The general type and operating principles of PSA and VPSA, which are well known, are described, for example, in U.S. Pat. Nos. 3,564,816; 3,636,679; 3,717,974; 4,802,899; 5,531,807; 5,755,856; 5,871,564; 6,524,370; and 6,764,534, among others. Both PSA and VPSA apparatus may include one or more adsorbers, each having a fixed sieve bed of adsorbent material to fractionate at least one constituent gas from a gaseous mixture by adsorption into the bed, when the gaseous mixture from a feed stream is sequentially directed through the adsorbers in a co-current direction. While one adsorber performs adsorption, another adsorber is simultaneously purged of its adsorbed constituent gas. In a PSA apparatus, the purging is performed by part of the product gas being withdrawn from the first or producing adsorber and directed through the other adsorber in a counter-current direction. In a VPSA apparatus, the purging primarily is performed by a vacuum produced at the adsorber inlet to draw the purged gas from the adsorber. Once the other adsorber is purged, the feed stream at a preset time is then directed to the other adsorber in the co-current direction, so that the other adsorber performs adsorption. The first adsorber then is purged either simultaneously, or in another timed sequence if there are more than two adsorbers, all of which will be understood from a reading of the above described patents.
When, for example, such apparatus is used to produce a high concentration of oxygen from ambient air for use in various applications, whether medical, industrial or commercial, air which enters the apparatus typically contains about 78% nitrogen, 21% oxygen, 0.9% argon, and a variable amount of water vapor. Principally, most of the nitrogen is removed by the apparatus to produce a gas product, which for medical purposes, for example, typically may contain at least about 80% oxygen. Most such apparatus for medical uses generally are too bulky for use by patients who are traveling or otherwise wish to leave their home environments for any purpose. In those cases, patients will normally forego the use of oxygen concentrators and revert to the use of pressurized oxygen tanks.
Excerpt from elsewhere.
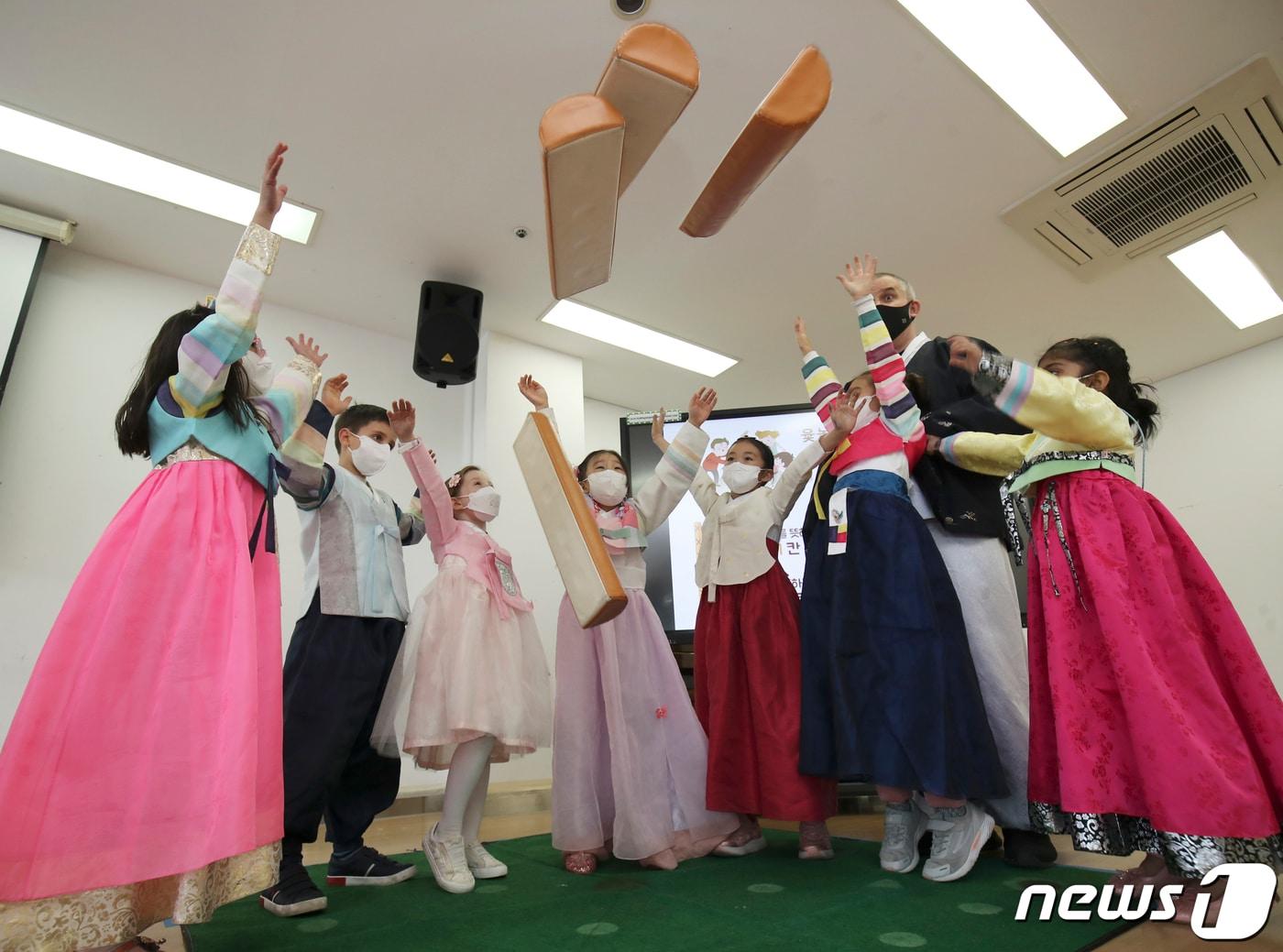 본문 이미지 - 설 명절를 앞둔 27일 오후 울산 동구 현대외국인학교에서 열린 설 맞이 한국문화 체험 행사에서 한복을 곱게 차려 입은 외국인 학생들이 윷놀이를 하고 있다. 2022.1.27/뉴스1 ⓒ News1 윤일지 기자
While oxygen tanks have been very useful in enabling patients to be more ambulatory, they nevertheless are restricted in use, as for example because of limited oxygen storage capacity or because their use may be prohibited in certain modes of public. transportation or locations where flammable materials can create a hazard. Although the useful life of oxygen tanks may be extended by the use of oxygen concentration devices (“OCD”), as disclosed, for example, in co-owned U.S. Pat. No. 6,427,690, McCombs et al., issued Aug. 6, 2002, their use nevertheless continues to be problematic because of safety and storage concerns, access to re-supplies of oxygen, and continuing medical expenses and reimbursement paperwork for the oxygen.
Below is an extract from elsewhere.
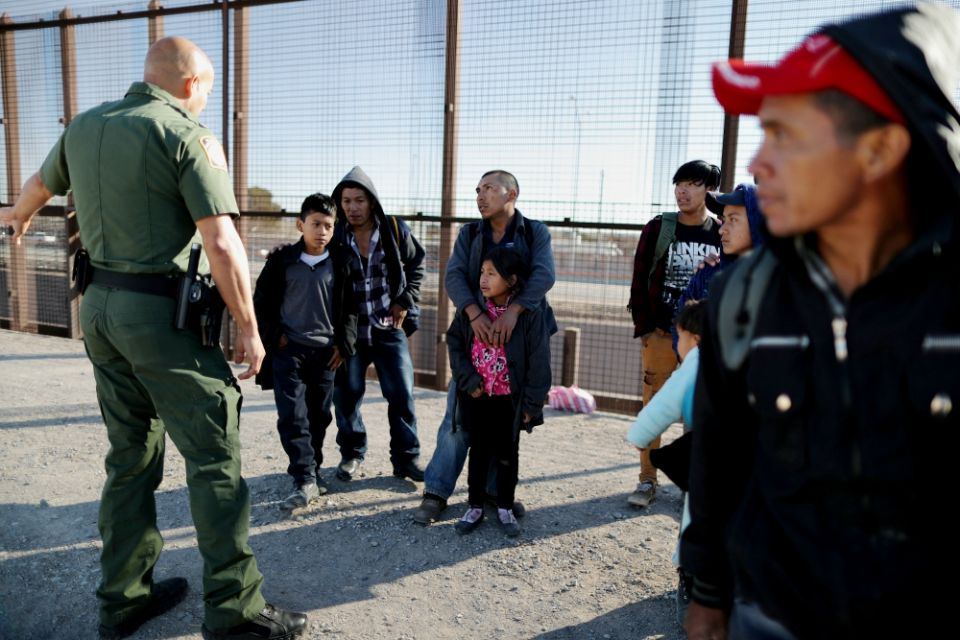 A group of Central American migrants is questioned about their children's health after surrendering to U.S. Border Patrol agents south of the U.S.-Mexico border fence in El Paso, Texas, March 6. (CNS/Reuters/Lucy Nicholson)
There having been developed a particularly useful and highly portable oxygen concentrator used for medical purposes and operating on PSA principles as disclosed in co-owned U.S. Pat. No. 6,764,534, McCombs et al., issued Jul. 20, 2004, the entire disclosure of which is incorporated by reference, the present invention builds on that knowledge by an even more compact, lighter weight and very highly portable oxygen concentrator for medical uses.
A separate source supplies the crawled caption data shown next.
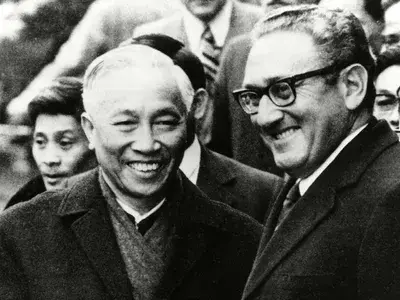 Henry Kissinger (right) shaking hands with Le Duc Tho in Paris after their agreement on the cease-fire terms of the Vietnam War, 1973.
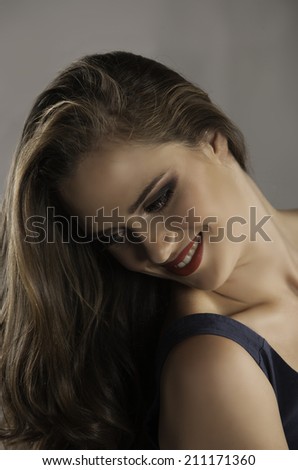 Portrait of beautiful smiling woman wearing navy dress, red lipstick and her brunette hair in a long, loose and curly style, looking back down over her shoulder
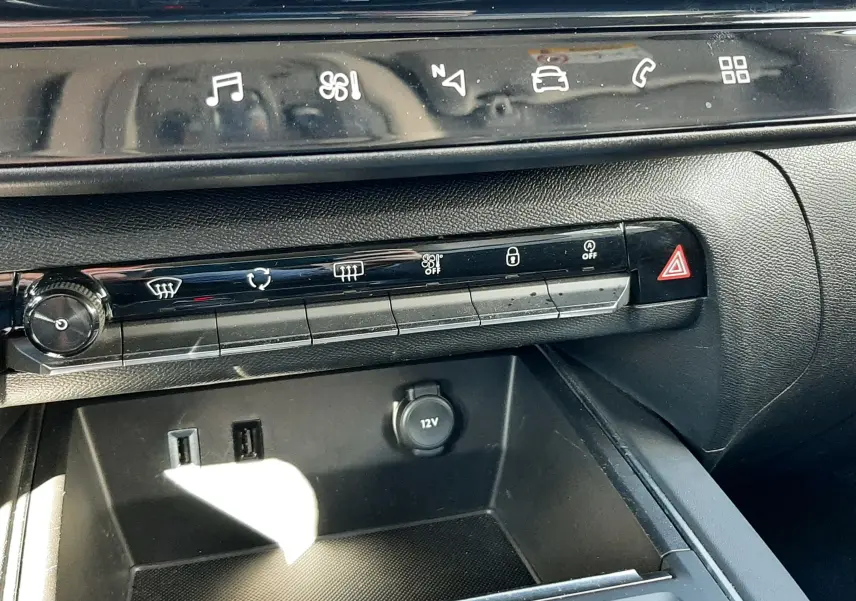 Vue rapprochée de la console centrale noire du Citroën C5 Aircross 2024, avec commandes tactiles et prise 12V visible.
As is now well known, the most effective use of inhaled oxygen occurs at the onset of inhalation, and various devices have been constructed to deliver oxygen from pressurized oxygen tanks only when inhalation is first sensed by the devices and only during the initial stage of the inhalation cycle. U.S. Pat. No. 6,764,534, for example, discloses a system that primarily only delivers oxygen at the initial stage of inhalation by detecting a drop in pressure as sensed by inhalation of a user through a conventional cannula (not shown) to actuate a transducer circuitry causing a flow control valve to be opened for a predetermined time and allow a predetermined amount of the oxygen enriched gas to be delivered to the user in oxygen concentrations up to about 95%.